Wednesday, March 28, 2012

Make Better Decisions

I can across this post by Tony Schwartz at the Energy Project:

"Recently, I came across this startling statistic. Each day, we make an average of 217 food-related decisions. Is it any surprise we so often make poor choices about what we eat?

The simple act of making decisions, says the researcher Roy Baumeister, progressively depletes our ability to make them well. We begin to experience something called "decision fatigue." Worse yet, we're often not even consciously aware of feeling tired and impaired.

Here's how the brain compensates: As much as 95 percent of the time, it makes decisions automatically, by habit, or in reaction to an external demand. So what would it take to intentionally make better decisions in a world of infinite choices?

The answer begins with self-awareness. Our first challenge is resist being reactive. Many of our worst decisions occur after we've been triggered — meaning that something or someone pushes us into negative emotion and we react instinctively, fueled by our stress hormones, in a state of fight or flight.
That's all well and good if there's a lion charging at you. It's not very useful in everyday life.

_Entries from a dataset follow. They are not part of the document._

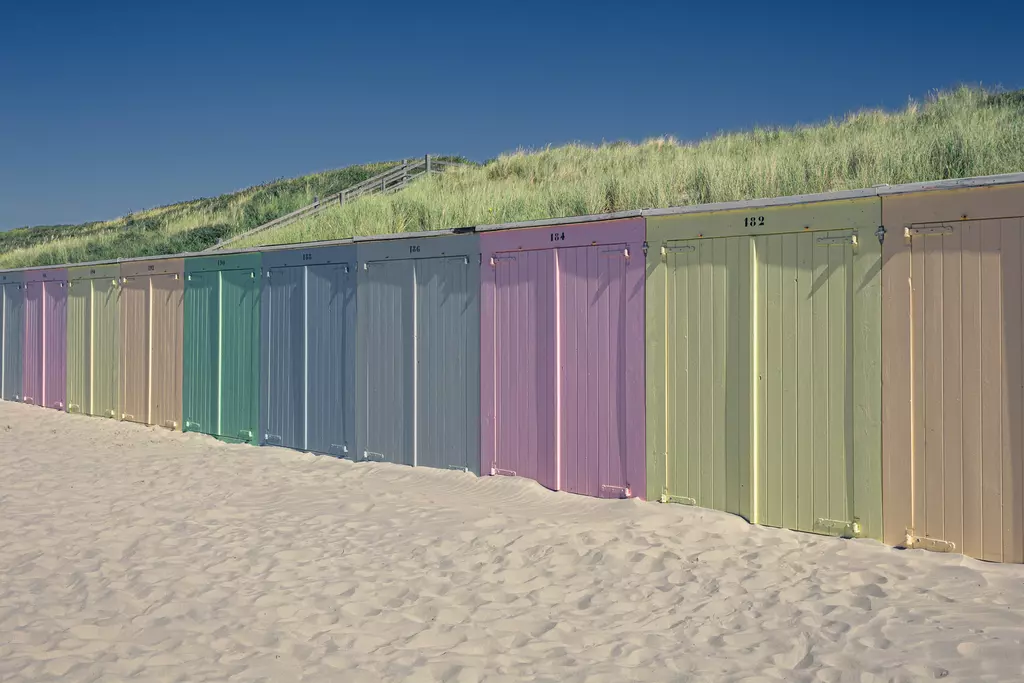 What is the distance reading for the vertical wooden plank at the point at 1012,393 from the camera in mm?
4988

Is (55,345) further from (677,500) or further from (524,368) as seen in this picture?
(677,500)

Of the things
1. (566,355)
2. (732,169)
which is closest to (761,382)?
(566,355)

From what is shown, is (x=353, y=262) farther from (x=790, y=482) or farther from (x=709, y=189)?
(x=790, y=482)

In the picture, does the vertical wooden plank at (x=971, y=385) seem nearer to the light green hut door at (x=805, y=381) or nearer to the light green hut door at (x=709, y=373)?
the light green hut door at (x=805, y=381)

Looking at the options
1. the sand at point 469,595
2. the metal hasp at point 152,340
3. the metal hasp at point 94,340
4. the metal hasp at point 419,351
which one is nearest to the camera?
the sand at point 469,595

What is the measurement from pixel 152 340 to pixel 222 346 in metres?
1.95

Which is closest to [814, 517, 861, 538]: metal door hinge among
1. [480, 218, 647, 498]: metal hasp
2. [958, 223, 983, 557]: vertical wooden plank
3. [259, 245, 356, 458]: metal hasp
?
[958, 223, 983, 557]: vertical wooden plank

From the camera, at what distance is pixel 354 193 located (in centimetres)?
2231

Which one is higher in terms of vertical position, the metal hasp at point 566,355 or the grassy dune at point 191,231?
the grassy dune at point 191,231

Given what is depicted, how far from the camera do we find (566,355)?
7.22m

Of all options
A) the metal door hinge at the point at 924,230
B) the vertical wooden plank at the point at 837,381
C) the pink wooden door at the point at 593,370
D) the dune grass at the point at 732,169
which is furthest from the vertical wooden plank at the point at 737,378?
the dune grass at the point at 732,169

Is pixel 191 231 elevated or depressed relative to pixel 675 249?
elevated

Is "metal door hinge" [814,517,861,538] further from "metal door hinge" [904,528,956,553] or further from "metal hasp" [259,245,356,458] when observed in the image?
"metal hasp" [259,245,356,458]

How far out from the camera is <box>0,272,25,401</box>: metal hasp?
49.5 feet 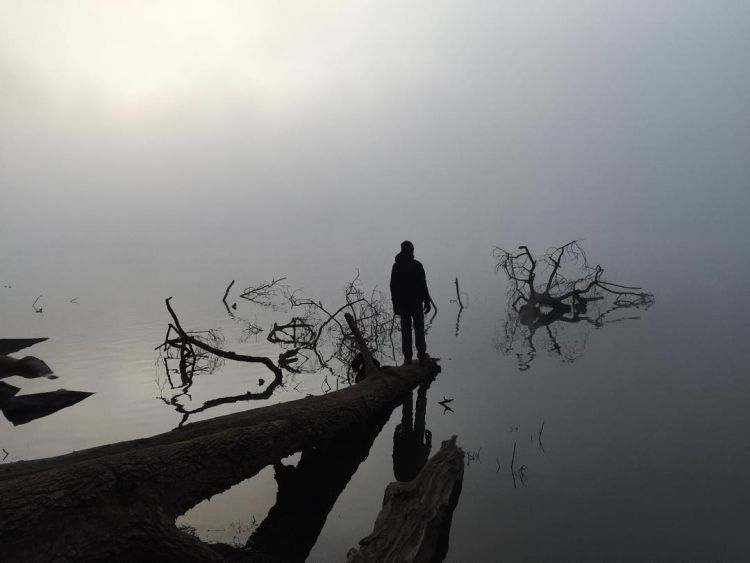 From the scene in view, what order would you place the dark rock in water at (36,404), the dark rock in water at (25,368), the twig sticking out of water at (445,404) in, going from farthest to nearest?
1. the dark rock in water at (25,368)
2. the dark rock in water at (36,404)
3. the twig sticking out of water at (445,404)

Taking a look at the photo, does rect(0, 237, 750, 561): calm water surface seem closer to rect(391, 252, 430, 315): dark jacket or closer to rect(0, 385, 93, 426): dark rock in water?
rect(0, 385, 93, 426): dark rock in water

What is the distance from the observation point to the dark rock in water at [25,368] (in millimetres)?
11414

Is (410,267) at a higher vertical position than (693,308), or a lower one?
lower

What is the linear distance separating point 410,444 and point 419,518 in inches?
97.0

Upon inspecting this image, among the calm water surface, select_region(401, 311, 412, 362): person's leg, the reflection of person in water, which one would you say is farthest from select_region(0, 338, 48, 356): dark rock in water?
the reflection of person in water

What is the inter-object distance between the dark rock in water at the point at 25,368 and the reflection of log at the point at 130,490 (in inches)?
346

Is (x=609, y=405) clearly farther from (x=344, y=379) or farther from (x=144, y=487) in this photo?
(x=144, y=487)

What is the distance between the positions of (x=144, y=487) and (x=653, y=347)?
36.9 ft

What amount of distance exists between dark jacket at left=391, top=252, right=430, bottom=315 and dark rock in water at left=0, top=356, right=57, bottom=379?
8400 mm

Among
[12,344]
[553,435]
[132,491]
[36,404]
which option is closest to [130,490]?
[132,491]

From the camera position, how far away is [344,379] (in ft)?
33.3

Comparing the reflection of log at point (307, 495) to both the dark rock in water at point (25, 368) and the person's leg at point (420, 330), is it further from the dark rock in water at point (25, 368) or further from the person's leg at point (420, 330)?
the dark rock in water at point (25, 368)

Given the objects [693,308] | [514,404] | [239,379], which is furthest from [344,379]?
[693,308]

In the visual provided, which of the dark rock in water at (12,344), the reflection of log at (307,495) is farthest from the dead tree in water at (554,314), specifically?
the dark rock in water at (12,344) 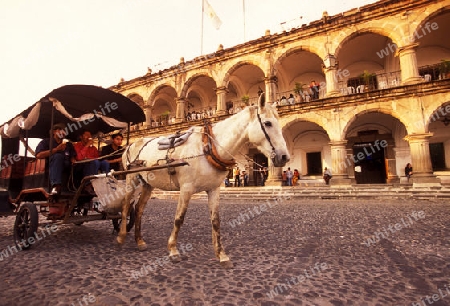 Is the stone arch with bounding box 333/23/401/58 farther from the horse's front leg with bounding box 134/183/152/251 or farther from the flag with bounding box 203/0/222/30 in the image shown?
the horse's front leg with bounding box 134/183/152/251

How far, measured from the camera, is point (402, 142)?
16.1 metres

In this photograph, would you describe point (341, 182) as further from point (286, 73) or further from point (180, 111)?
point (180, 111)

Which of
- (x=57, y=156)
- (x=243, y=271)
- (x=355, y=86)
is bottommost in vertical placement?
(x=243, y=271)

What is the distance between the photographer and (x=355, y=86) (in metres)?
17.4

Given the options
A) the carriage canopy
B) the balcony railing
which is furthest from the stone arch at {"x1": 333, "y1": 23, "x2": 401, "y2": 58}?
the carriage canopy

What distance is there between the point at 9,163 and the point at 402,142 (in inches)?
797

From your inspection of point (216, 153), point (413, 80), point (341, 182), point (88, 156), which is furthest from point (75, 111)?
point (413, 80)

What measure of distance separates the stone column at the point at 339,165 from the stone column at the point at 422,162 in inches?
123

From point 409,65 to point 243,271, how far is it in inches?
607

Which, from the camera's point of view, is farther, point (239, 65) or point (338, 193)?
point (239, 65)

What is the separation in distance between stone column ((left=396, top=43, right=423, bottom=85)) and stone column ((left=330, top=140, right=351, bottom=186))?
14.8 feet

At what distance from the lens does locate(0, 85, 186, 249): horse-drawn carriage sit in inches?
149

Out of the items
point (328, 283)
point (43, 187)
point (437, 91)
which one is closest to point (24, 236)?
point (43, 187)

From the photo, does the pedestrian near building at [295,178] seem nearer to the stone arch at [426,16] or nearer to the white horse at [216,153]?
the stone arch at [426,16] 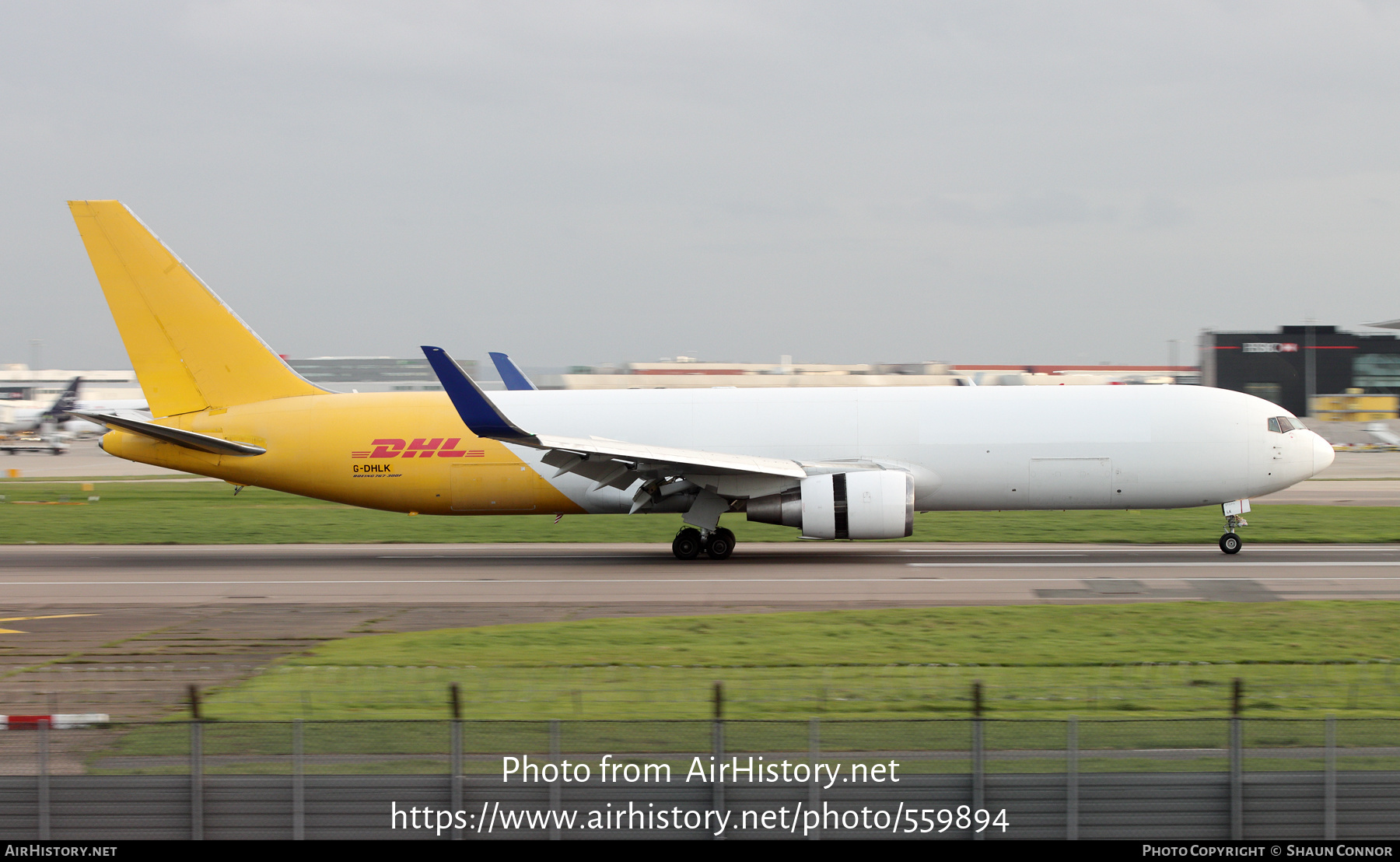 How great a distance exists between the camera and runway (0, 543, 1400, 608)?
786 inches

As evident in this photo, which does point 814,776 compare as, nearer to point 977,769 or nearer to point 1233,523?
point 977,769

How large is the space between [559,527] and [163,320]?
40.3 ft

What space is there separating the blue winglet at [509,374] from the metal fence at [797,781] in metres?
25.4

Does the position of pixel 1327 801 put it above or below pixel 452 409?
below

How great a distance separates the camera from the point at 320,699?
38.3ft

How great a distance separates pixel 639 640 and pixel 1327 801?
951 cm

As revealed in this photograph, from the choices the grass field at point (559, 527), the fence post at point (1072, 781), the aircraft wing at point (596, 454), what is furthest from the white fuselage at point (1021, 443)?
the fence post at point (1072, 781)

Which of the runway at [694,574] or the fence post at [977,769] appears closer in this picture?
the fence post at [977,769]

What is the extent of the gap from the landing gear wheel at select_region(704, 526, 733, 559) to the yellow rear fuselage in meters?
3.11

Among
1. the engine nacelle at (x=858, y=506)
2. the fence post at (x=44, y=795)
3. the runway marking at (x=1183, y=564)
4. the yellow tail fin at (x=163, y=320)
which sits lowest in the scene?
the runway marking at (x=1183, y=564)

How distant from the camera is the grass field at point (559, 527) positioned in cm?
2964

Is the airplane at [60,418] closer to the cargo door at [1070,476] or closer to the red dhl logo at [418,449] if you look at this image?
the red dhl logo at [418,449] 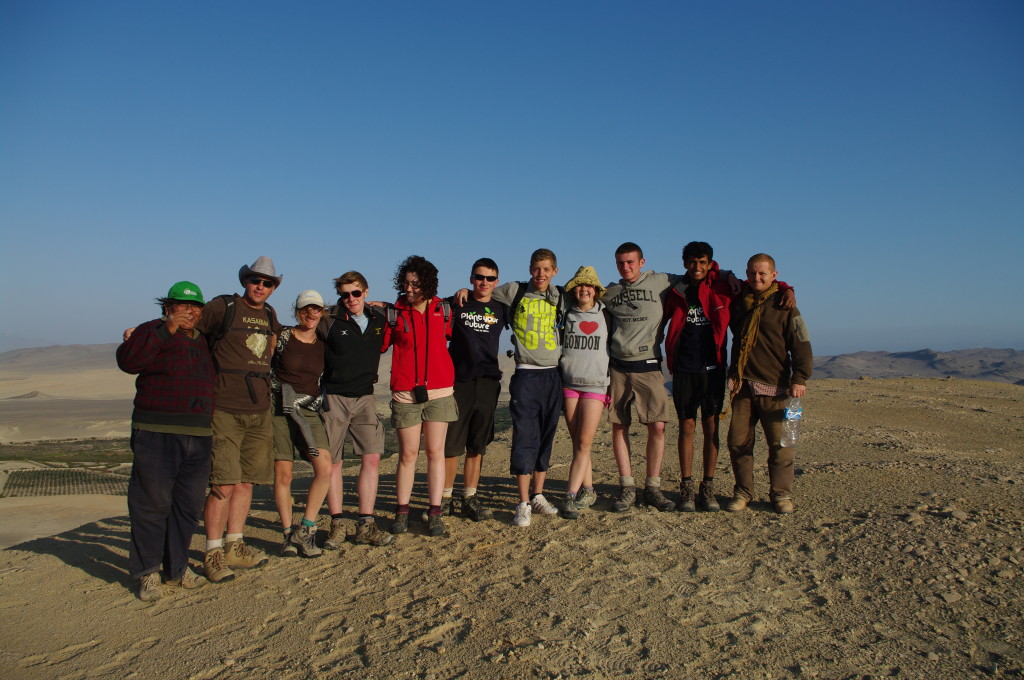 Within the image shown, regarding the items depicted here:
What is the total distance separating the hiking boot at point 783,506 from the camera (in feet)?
18.0

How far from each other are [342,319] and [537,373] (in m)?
1.60

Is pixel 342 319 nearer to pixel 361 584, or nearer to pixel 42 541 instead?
pixel 361 584

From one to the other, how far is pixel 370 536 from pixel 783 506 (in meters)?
3.29

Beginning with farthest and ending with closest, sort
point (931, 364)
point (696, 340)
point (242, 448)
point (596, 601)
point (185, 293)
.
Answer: point (931, 364) → point (696, 340) → point (242, 448) → point (185, 293) → point (596, 601)

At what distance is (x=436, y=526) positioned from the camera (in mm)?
5293

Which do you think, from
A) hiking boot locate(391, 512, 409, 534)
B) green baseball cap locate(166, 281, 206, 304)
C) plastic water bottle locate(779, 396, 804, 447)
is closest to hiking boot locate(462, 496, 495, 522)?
hiking boot locate(391, 512, 409, 534)

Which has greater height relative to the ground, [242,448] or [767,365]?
[767,365]

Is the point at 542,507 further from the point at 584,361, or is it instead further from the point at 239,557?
the point at 239,557

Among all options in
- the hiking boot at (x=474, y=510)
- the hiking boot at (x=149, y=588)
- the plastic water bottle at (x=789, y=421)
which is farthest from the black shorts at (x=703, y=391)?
the hiking boot at (x=149, y=588)

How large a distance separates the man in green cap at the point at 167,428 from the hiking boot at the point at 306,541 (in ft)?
2.46

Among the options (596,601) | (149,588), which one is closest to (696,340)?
(596,601)

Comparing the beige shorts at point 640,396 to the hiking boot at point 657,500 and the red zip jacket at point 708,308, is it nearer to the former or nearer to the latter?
the red zip jacket at point 708,308

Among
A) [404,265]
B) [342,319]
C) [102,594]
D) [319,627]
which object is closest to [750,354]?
[404,265]

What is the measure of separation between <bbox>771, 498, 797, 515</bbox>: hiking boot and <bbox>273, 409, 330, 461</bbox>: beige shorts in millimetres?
3598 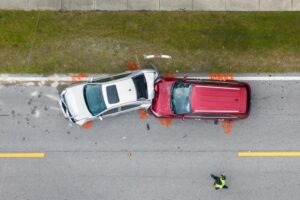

Most of the time, it makes more sense to live by the Golden Rule of Triggers: Whatever you feel compelled to do, don't.

If you respond out of a compulsion, you haven't made an intentional choice. It may feel right — even righteous — in the moment, but it's more likely to exacerbate the problem than solve it."


How many times is your eating triggered by something or someone else?  The clock, the kids, a spouse, or the spread on the break room table.  We respond without even thinking about how we want to respond.  Once the food is on our plates or in our hands, (or in our mouths), we might think "Rats!  I'm not even hungry!"  But by the time that realization hits, we've reacted to the food we're about to eat and it is much harder to put it down than it would have been to not pick it up in the first place.

How do we solve this?  Awareness.  That's what the 456 on the Eating Scale is for - not to judge you -- just to help you understand when and what your triggers are.  Once you can recognize some of them, you can prepare your reaction to the before they hit.  You can feel more confident and in charge of your decision making skills with just a little bit of understanding of what you are reacting to.